Propos recueillis par
Pierre-Alexandre Mateos et Charles Teyssou

Photos par Giasco Bertoli
Toutes les photos de ce sujet mettent en scène Amalia Ulman
et les pièces de son exposition à la New Galerie, Paris.

L'Officiel Art : Pour commencer, dites-nous quelques mots de vos origines et du parcours qui vous a amenée à devenir artiste.

Amalia Ulman :
Mon enfance a été plus marquée par la contreculture que par les beaux-arts. Mes parents aimaient la bande dessinée, Betty Page, etc. A un moment, j’ai commencé à m’intéresser à la photographie, et notamment à l’aspect rituel de la photographie telle que la pratiquent certaines communautés sur Internet. C’est vers cette époque que j’ai découvert mouchette.org, un site interactif censé être la voix d’une préadolescente qui ne s’interdisait aucun sujet. Le nom est emprunté au lm éponyme de Robert Bresson, avec lequel le site partage des thématiques telles que la misère, la violence ou la mort, mais la veuve de Bresson a menacé de poursuites l’artiste responsable du site. Des années plus tard, pendant mes études à Londres, j’ai découvert Jaron Lanier, la réalité virtuelle et le magazine cyberpunk Mondo 2000. Voilà ce qui m’a poussée à devenir artiste. D’une certaine manière tout a commencé quand j’ai monté avec Felix Lee une exposition dans ma cuisine intitulée d’après le nom d’une déesse africaine : “Mawu-Lisa”.


Qui est Mawu-Lisa ?

J’ai découvert Mawu-Lisa alors que je faisais des recherches sur les avatars en ligne, la culture cyberpunk et les études de genre. Elle est mi-dieu, mi-déesse, puisqu’elle est à la fois déesse de la Lune et dieu du Soleil. C’est à cette époque que j’ai commencé à remettre en question les dualités, à explorer l’identité féminine et la problématique de la représentation. C’est également durant cette période que j’ai mis au point des conférences-performances, et que j’ai commencé à utiliser divers supports comme la photographie, la vidéo, le jeu d’acteur, l’écriture ou les effets sonores.

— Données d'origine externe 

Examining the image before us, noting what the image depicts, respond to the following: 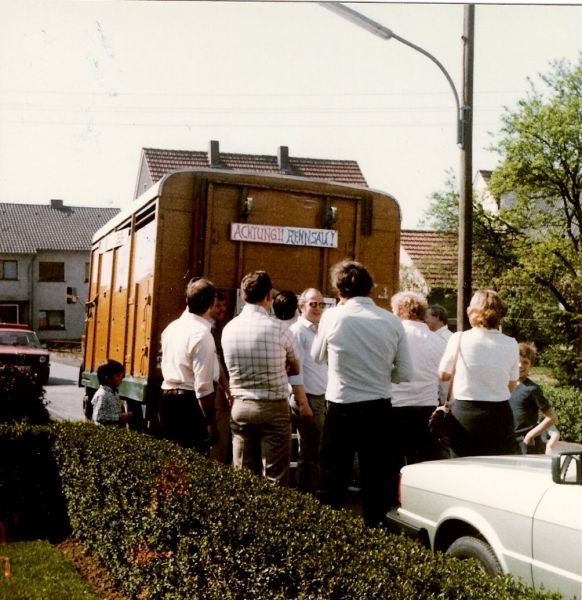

A partir de ce projet, vous avez choisi une approche plus axée sur la performance.

Oui, ma première conférence-performance remonte aussi à ce moment-là. Buyer, Walker, Rover, réalisé sur Skype, est profondément influencé par ma pauvreté à cette époque, par la poésie et par l’étrange atmosphère des boutiques “tout à 1 euro”, que j’ai beaucoup fréquentées. Puis j’ai acquis une certaine visibilité, tout en continuant à vivre dans le dénuement.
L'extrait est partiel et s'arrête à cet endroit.